** Working data **
BEGIN
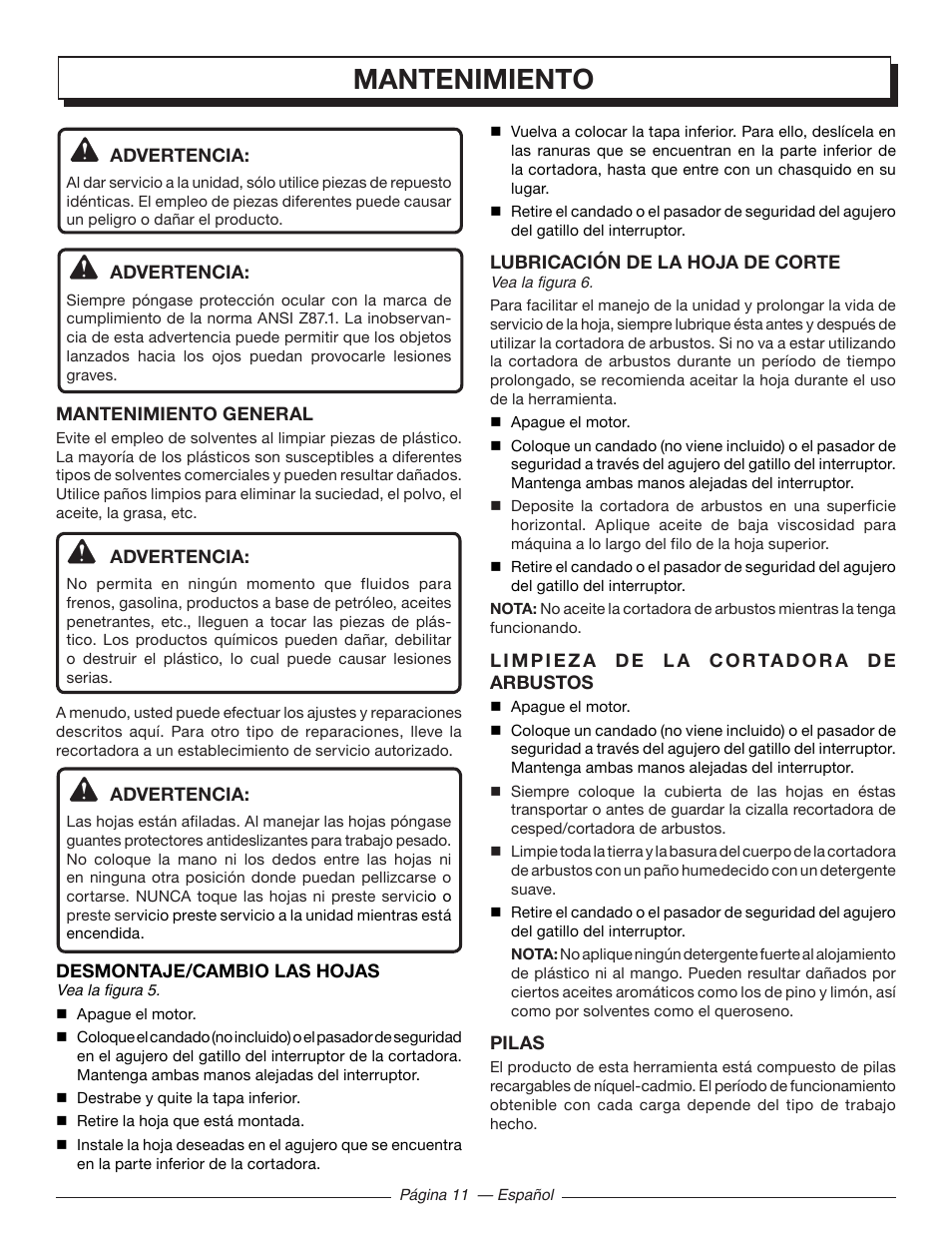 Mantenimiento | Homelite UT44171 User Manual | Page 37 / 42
END
BEGIN
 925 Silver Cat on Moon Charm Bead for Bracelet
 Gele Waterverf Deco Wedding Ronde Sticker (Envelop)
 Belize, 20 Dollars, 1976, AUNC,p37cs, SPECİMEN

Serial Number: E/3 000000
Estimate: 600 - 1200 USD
END
** Required work **
Your answer should be the lines above, from the line containing "925 Silver Cat" up to and including the line containing "Estimate: 600 - 1200 USD", reproduced exactly and with nothing else.

** Task answer **
 925 Silver Cat on Moon Charm Bead for Bracelet
 Gele Waterverf Deco Wedding Ronde Sticker (Envelop)
 Belize, 20 Dollars, 1976, AUNC,p37cs, SPECİMEN

Serial Number: E/3 000000
Estimate: 600 - 1200 USD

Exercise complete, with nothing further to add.